Les médecins veulent des évolutions
Depuis 2017, le dossier électronique du patient (DEP) tente de s’implanter en Suisse. Pourtant, malgré les sommes investies, rares sont les patients à l’avoir adopté. Côté médecins, la majorité des professionnels reste mitigée quant à la forme et aux fonctionnalités actuelles du DEP.
Votée en 2015, La Loi fédérale sur le dossier électronique du patient (DEP) est entrée en vigueur en 2017. Concrètement, un patient peut créer son DEP, y faire déposer toutes les données cliniques le concernant et choisir les professionnels qui y ont accès. Mais, malgré les sommes investies, son succès auprès de la population reste modeste. En novembre 2022, seulement 12 000 dossiers avaient été ouverts via l’une des huit communautés certifiées dites de référence. C’est dire si le projet a de la peine à démarrer.
Une poubelle à PDF ?
Un premier problème est que les différents documents sont simplement stockés en format PDF. « Il s’agit d’un dossier patient, résume Vladimir Mayor, Président de l’Association des médecins de famille neuchâtelois, et non pas d’un dossier médical destiné aux professionnels de santé. » Les données ne sont pas structurées, ce qui posent des problèmes majeurs, notamment chez des patients chroniques.
Pour être utile, le DEP devrait être mieux structuré afin de proposer des informations hiérarchisées, faciles à analyser. « Des résultats de laboratoire et des radiographies empilées dans le dossier des patients ne nous servent à rien, explique Vladimir Mayor. Nous souhaitons disposer de données pertinentes. Penser toute une organisation coûte cher, bien sûr, mais ce travail est indispensable. »
Lien avec les dossiers primaires
Autre obstacle de taille pour les professionnels de santé, le DEP n’est aujourd’hui pas connecté aux systèmes informatiques des médecins. Ces derniers souhaitent logiquement que les données médicales des patients qu’ils renseignent déjà d’un côté se retrouvent directement dans le DEP. « Dans la communauté neuchâteloise, il a été clairement dit que, tant que l’intégration du DEP dans nos systèmes primaires ne sera pas faite, les médecins ayant une pratique privée ne pourront pas y déposer de documents, faute de temps et de financement » relate Dominique Bünzli, Président de la Société neuchâteloise de médecine.
Des applications cliniques utiles
Au-delà des soucis directement liés à l’informatisation des données, les médecins souhaitent aussi voir apparaître des applications utiles à leur pratique.

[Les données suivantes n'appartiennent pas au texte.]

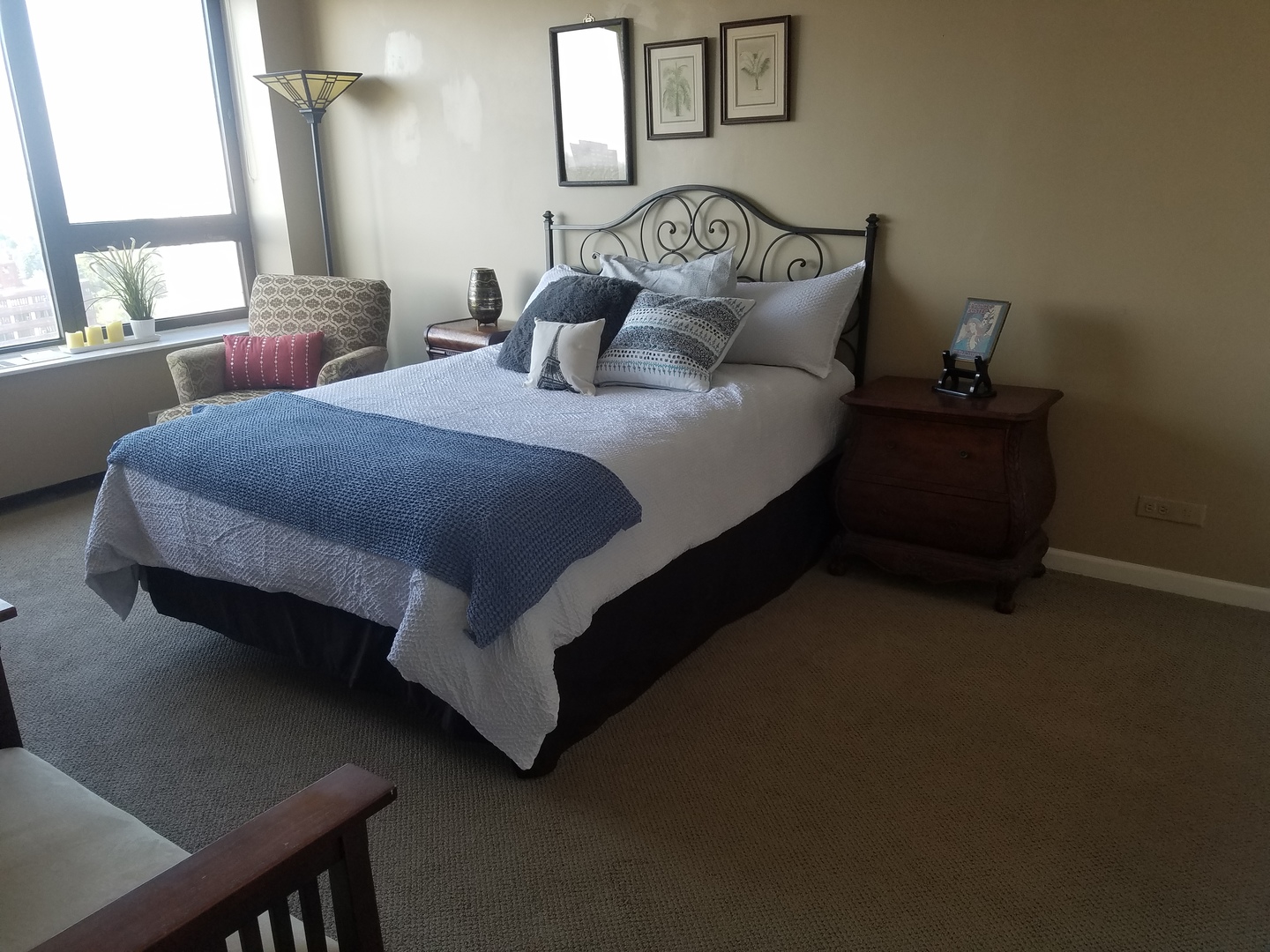 Undisclosed Address Chicago, IL 60613 - Photo 7 of 16 a bed sitting in a bedroom next to a window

Ils demandent notamment qu’un important travail soit mené sur les données liées aux médicaments et qu’un plan de médication harmonisé soit proposé. Autre besoin fondamental : disposer d’un plan de soins partagé. Ces applications supplémentaires, qui sont en cours de développement, devraient par ailleurs être interopérables sur l’ensemble du territoire. « Aujourd’hui, relève le Président de la Société médicale de la Suisse romande Philippe Eggimann, on peut déposer des documents PDF dans une communauté et les consulter dans une autre. L’enjeu principal est que les applications supplémentaires, qui feront toute l’utilité du DEP, le soient aussi. » Or, à l’heure actuelle, rien n’est sûr de ce côté.
Devoir de diligence
Un dernier point, juridique celui-là, inquiète la profession médicale. Comme le patient décide seul des professionnels de santé qui auront accès au dossier, le médecin ne pourra pas être certain de disposer de toutes les informations médicales de son patient. « Il existe des craintes, fondées, autour de l’exhaustivité des données disponibles », ajoute Dominique Bünzli. Les médecins ne savent pas quels documents ils doivent déposer dans le dossier et de quelle manière leur responsabilité sera engagée en cas de non-exhaustivité des documents mis dans le DEP. Pour rassurer les médecins, il faudra clarifier la question du devoir de diligence des professionnels.
Des améliorations nécessaires pour un outil utile
Applications cliniques, interopérabilité, hiérarchisation de l’information et exhaustivité des données : les points restant à améliorer sont nombreux. « Même si nous avons l’impression que les décideurs ne connaissent pas nos réels besoins, le DEP reste une bonne chose, estime toutefois Vladimir Mayor. Ce dossier pourrait permettre de faire diminuer les coûts et faciliter le travail en réseau. » Ne reste plus qu’à espérer que les professionnels de santé seront écoutés et qu’avec les patients, ils disposeront d’un outil à la hauteur des enjeux. Le plus tôt sera le mieux.